Back then, only one team from each conference (or district, if you prefer) advanced to the state playoffs. During the 1961, '62 and '63 seasons, Claremore and Miami were undefeated in conference play when they met the ninth week of the seasons. Each time, the two sides knew the championship was on the line.

The pot finally boiled over on Nov. 8, 1963.

The Zebras had won four straight times leading up to the 1962 season. Miami, led by sophomore Steve Owens, the future Heisman Trophy winner, upended the Zebras, 22-14 at Lantow Field.

In 1963, it was time for the Wardogs to dump Claremore once again and this time to do it in front of their own packed home crowd. Despite both teams holding 8-0 records, the Wardogs were feeling cocky.

Things didn't go quite the way the Wardogs hoped. Keeping Owens in check all night, the Zebras roared to an easy 34-6 win.

Late in the contest, and realizing that they were not going to win, a few of the Miami players decided to fight. Zebras senior lineman Darrell Arrowood tackled a Miami runner (no, it was not Owens) right in front of the Wardogs bench. The Wardog got up and took a swing at the Zebra.

When Arrowood answered back with a punch of his own, the entire Miami bench jumped on him. The Zebras, the coaches and several fathers raced to the rescue. While running across the field, it was quite a sight seeing Arrowood holding his own, right in the middle of the brawl.

When order was restored, there was Arrowood with his shy grin.

The game finally ended without more problems, but the night wasn't over.

I am not sure what the arrangements are today, but back then the Zebra Quarterback Club always fed the team after road games. It was always at a nearby restaurant. While the Zebras were having their post-game dinner, someone was busting several windows on the team bus.

A police escort was called for the bus' departure to the Will Rogers Turnpike. Even that didn't stop several carloads of boys from throwing more rocks at the bus while on the turnpike.

The next year, fate took a hand in the fiery feud. Miami and Claremore were put in different conferences and did not play.

Things reverted in the 1970s and once again the two schools renewed their rivalry. While some exciting and hard-hitting games followed, the boiling point of the '63 contest was never equaled.

I didn't see Darrell Arrowood for more than 35 years. Then one day, there he was at a local ice cream store. Since we had known each other only one year in school, I wasn't sure he would even remember me.

As I approached his table, he broke out in a wide smile and said, “Hi, Larry.” It was great talking to him again after all those years.
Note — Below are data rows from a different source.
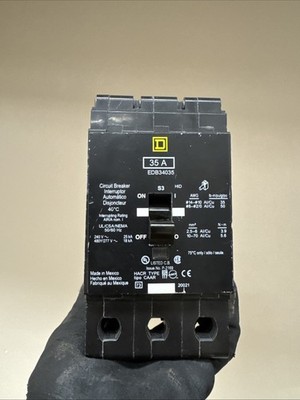 EDB34035 Square D 35 Amp Circuit Breaker 480y/277 Bolt-On 3 Pole TESTED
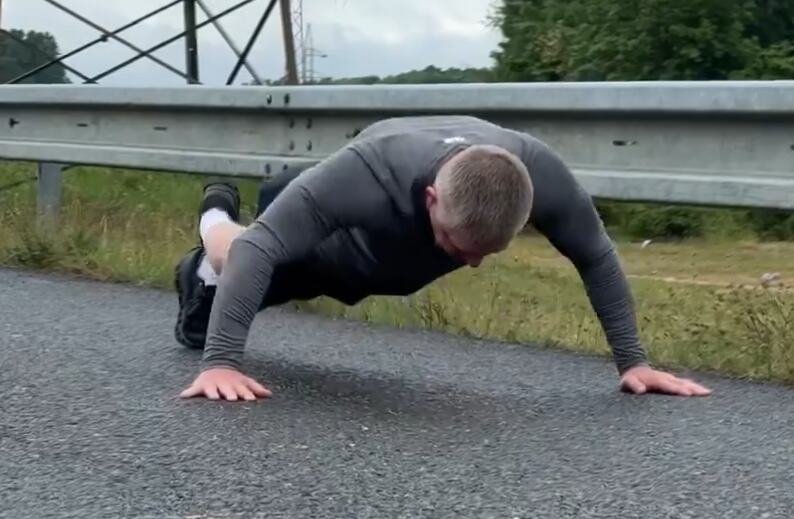 "ŠTO TE NE UBIJE, TO TE OJAČA" Robert Fico obeležio "drugi rođendan" nakon atentata (VIDEO)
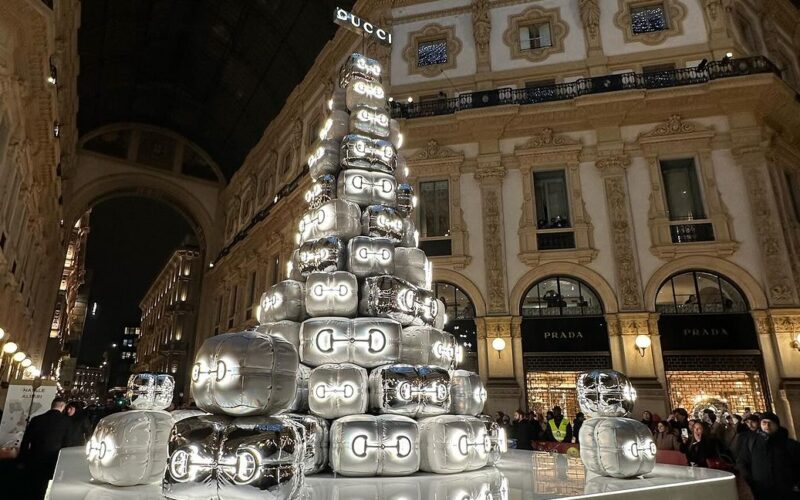 Το iconic δέντρο από κουτιά της Gucci που στολίζει την Galleria Vittorio Emanuele II στο Μιλάνο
Funeral services were held for Darrell about a week ago. The broad-chested gentle man will be missed by his family and his friends. Probably most of them didn't know about his high school football playing days.

For the ones present that November night in '63 at Miami, however, none of us will forget when Darrell Arrowood went toe-to-toe with the Wardog football team. ...



Despite my enjoyment of good scary horror stories, what follows sends goose bumps up my back each time I think about it.

Last week, Ray Bingham was in his usual spot at Claremore's Legion Field. As he does at all home American Legion games, he was taking admission fees at the gate when a flying bug hit his ear. It was later learned that the creature was a yellow jacket.

It stung one of Bingham’s ears on contact and then again stung his finger as he tried to remove it. Not only did Ray fail to get it out, he only caused the creature to dive deeper into his ear. In the process, the yellow jacket struck 11 or 12 more times, Ray said.

Getting someone to man his post, Ray went up in the press box with the hopes that Dr. Darryl Reed might be able to administer aid. Known as “Ballpark Frank,” Reed is a dentist and bugs in ears are a little out of his line of work. Still, he was quick to help, but the inside of Ray's ear was already swollen shut. Reed could not see inside the ear and advised Ray to go to the emergency room.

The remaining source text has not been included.